Отчетный доклад Петроградского обкома РКП(б) признавал, что многие выходцы из рабочей среды примкнули к оппозиции, но это произошло в результате потери ими революционного чутья в университетах, где они попали под влияние «мелкобуржуазного упадочничества»[749]. «Я думаю, что оппозиция, сама, быть может, того не сознавая, помимо своей воли, является невольным проводником настроений непролетарского элемента нашей партии», – заявил Сталин[750]. Зиновьев присоединился: перед нами новая тенденция, «мелкая буржуазия давит на партию через вузы». Видавший виды большевик-рабочий сострил в присутствии Зиновьева, что когда-то говорили, «ребята бузят», а теперь говорим «ребята вузят»[751]. Губком увещевал комсомольский актив Ленинграда:
Мы ясно видим опасность отрыва некоторой части пролетарского молодняка от пролетарской основы нашей партии. Молодежь, попавшая в вуз… иногда склонна преуменьшать наши хозяйственные успехи и поддаваться первому поверхностному впечатлению. <…> Само собой разумеется, что мы далеки от попытки как-либо противопоставлять фабрично-заводскую молодежь учащейся коммунистической молодежи, вышедшей в большей своей части из рядов рабочих и крестьян. Однако со всей откровенностью мы обращаем ее внимание на то, что она занимает более трудную позицию, на которой угроза отрыва от своего класса более реальна и велика. Мы констатируем, что учащаяся коммунистическая молодежь в развернутой партийной дискуссии не везде оказалась на высоте своего положения[752].

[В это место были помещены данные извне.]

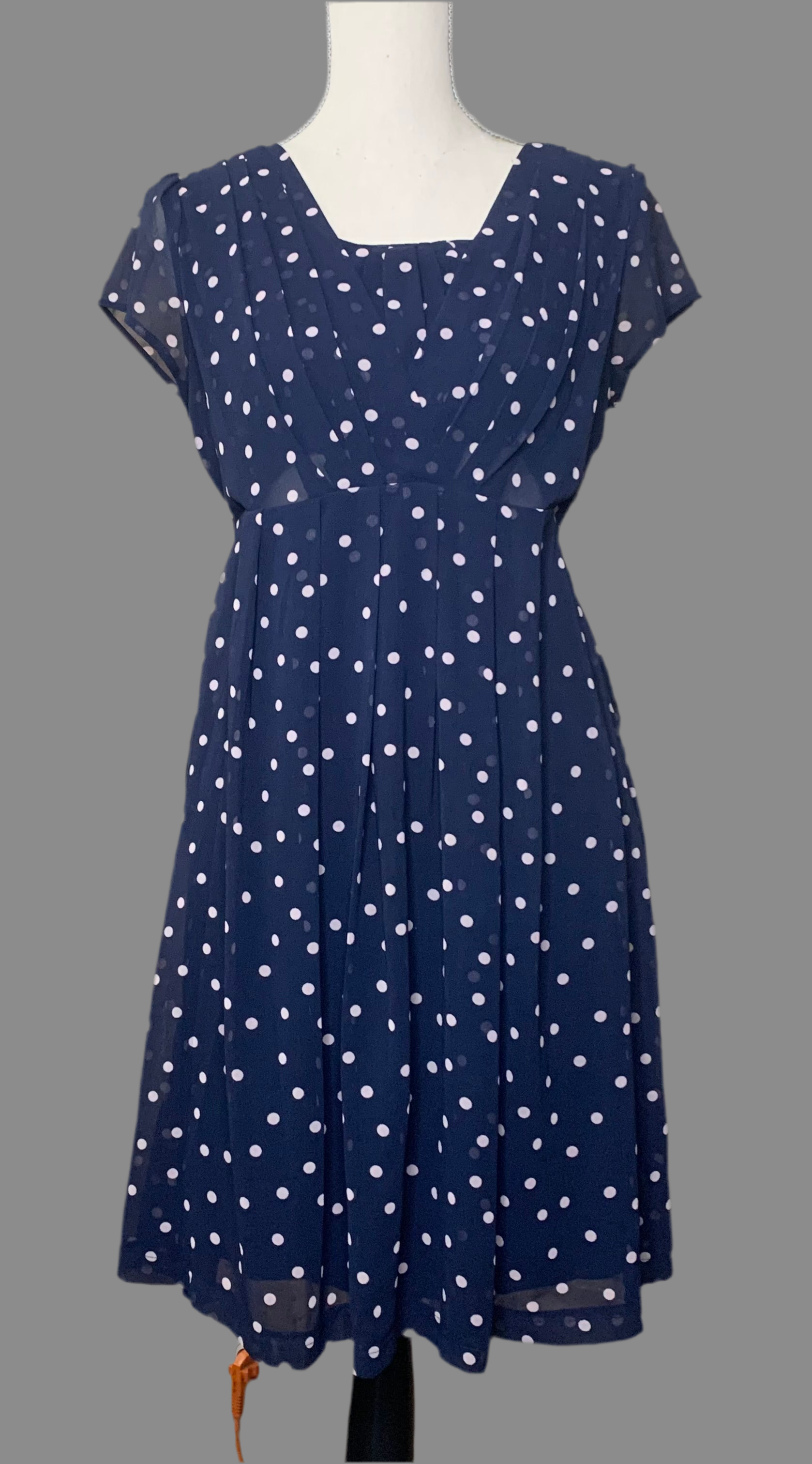 Robe bleu marine à pois roses – Séraphine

Самым надежным способом оздоровления считалась партийная чистка. ЦК прибегнул к такой процедуре впервые в 1921 году[753]. Ленин сказал тогда, что партии необходимо «улучшение в смысле борьбы против разлагающих и пролетариат и партию влияний мелкобуржуазной и мелкобуржуазно-анархической стихии»[754]. Идея чисток была заимствована большевиками у якобинцев, которые практиковали нечто подобное в год своего пребывания у власти (1793–1794). Опасаясь, что к правящему клубу примазались карьеристы, не исполненные соответствующими «республиканскими добродетелями», и что какое-то количество старых членов клуба эти добродетели утеряло, якобинцы ввели нечто вроде клубного суда, на котором каждый должен был отчитаться в своей деятельности до и во время революции; любой желающий мог задавать вопросы и сообщать компрометирующие факты; сочтенный недостойным исключался из клуба[755].
Чистки приветствовались большевиками всех мастей[756]. «Единство – великое дело и великий лозунг! – говорил Ленин. – Но рабочему делу нужно единство марксистов, а не единство марксистов с противниками и извратителями марксизма»[757]. На X партийном съезде К. Г. Завьялова разъяснила, что «мы оставались чистыми» именно потому, что «не боялись… удаления тех элементов, которые нарушают партийное единство. <…> Партия не должна быть конгломератом, должна быть действительно единой»[758]. Именно чистку Троцкий считал главным механизмом достижения партийного единства[759]. Его близкий союзник Смилга также выразился в том духе, что лучше иметь партию меньшую количественно, но более твердо спаянную: «Уменьшение по линии арифметики дает выигрыш в деле политического и действительного руководства массами»[760]. Троцкий и Смилга еще представляли большинство ЦК, когда произносили эти слова. Но и оппозиционеры не высказывали сомнений в отношении чисток – наоборот, многие из них видели в чистке панацею. «Прежде всего, – говорила Коллонтай из «рабочей оппозиции», – нам надо очистить партию от чуждых ей элементов. <…> Тогда не придется взывать к единству, а единство создастся само собою»[761]. Если мы грань между здоровыми и больными усиливаем «в смысле очистки», развивали эту идею другие оппозиционеры, то это для того, «чтобы очистить партию от классово-негодных элементов, которые не усвоили пролетарской психологии, для того, чтобы партию сделать однородной, сплотить ее ряды, а не расслоить…»[762].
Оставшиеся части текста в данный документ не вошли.